Formalising a local Sustainable Neighbourhood group becomes important when the group wants to undertake projects or other activities. Effective and sustainable groups have agreed goals, systems, and processes to assist their operations. Often detailed in a ‘Terms of Reference’ or other document, effective groups have an agreed set of rules and procedures, governing:
• their vision, values, and objectives (eg a Sustainable Neighbourhood Action Plan - SNAP);
• membership of their group;
• how the group makes decisions;
• roles and responsibilities of group members;
• how the group manages its funds;
• other operations (eg meeting protocols, communications, documentation etc); and
• how the group manages grievances or disputes.

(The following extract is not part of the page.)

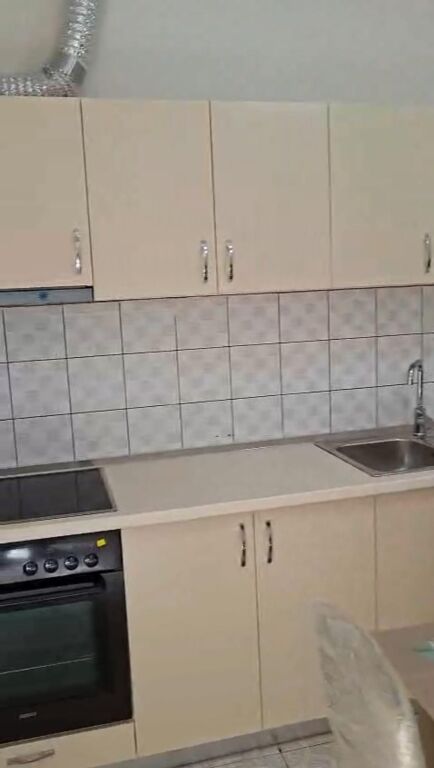 Affitto | Shtëpi private 1 + 1 | Rruga e Dibrës | 400 €/mese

Agreeing upon and communicating these rules will ensure that everyone understands their rights and responsibilities when organising and participating in group activities.

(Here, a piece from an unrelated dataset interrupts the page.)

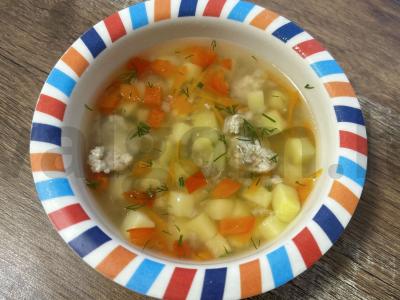 Vaikų sriuba su quinoa ir triušiu pagrindine nuotrauka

All Sustainable Neighbourhood groups need to consider how they want to formalise their membership. At the very least, each group should develop a written agreement about how they will function, make decisions, keep on track, and ensure they continue to represent the needs and wishes of their particular community.
Options for governance
There are four main options for Sustainable Neighbourhood groups to manage their governance arrangements.

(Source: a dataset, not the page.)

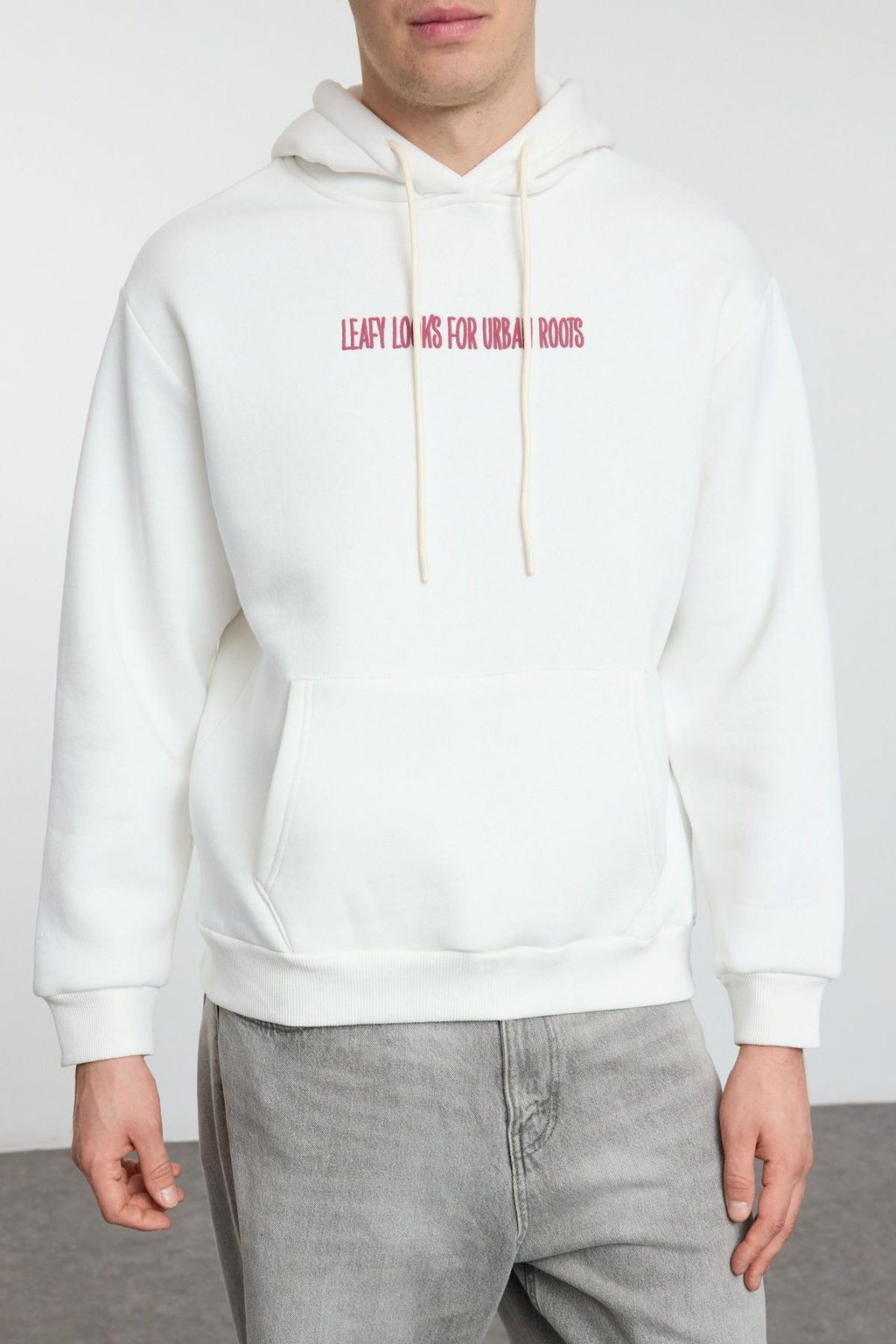 TRENDYOL MAN Ekru Oversize/Genis Kesim Kabartma Bask? ve S?rt Nak?s Detayl? Ici Polar Sweatshirt TMNAW25SW00072 - Trendyolmilla фото 3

Option 1: Formalise membership, by joining the Lake Macquarie Sustainable Neighbourhood Alliance (Inc).
The group can undertake activities and apply for funding under the umbrella of the Lake Macquarie Sustainable Neighbourhood Alliance (the Alliance). Joining the Alliance will enable a Sustainable Neighbourhood group to benefit from established resources, networks, and procedures. See About the Alliance (Fact Sheet).
Option 2: Incorporate as an association.
A Sustainable Neighbourhood group may wish to incorporate as an independent association. Incorporation provides a group with the highest level of autonomy in undertaking their business. Incorporation is governed by the Associations Incorporation Act 2009, and is managed NSW Fair Trading (www.fairtrading.nsw.gov.au).
Option 3: Function as a sub-committee under the auspice of an existing incorporated association or group.
This model works effectively in a community where there is already a strong and functional community group with an existing constitution that could include the activities of the particular Sustainable Neighbourhood group. This model has the potential to increase cooperation and resources, whilst reducing costs and duplication of paperwork etc. In this case, it is the group’s responsibility to come to an agreement with an auspicing association regarding their operations.
Option 4: Continue to function without formalising membership.
This model provides the least protection for its members, is not transparent, and is restricted in its function due to the lack of insurance coverage. This model is better suited to issue-based groups, and is limited in its ability to function over time.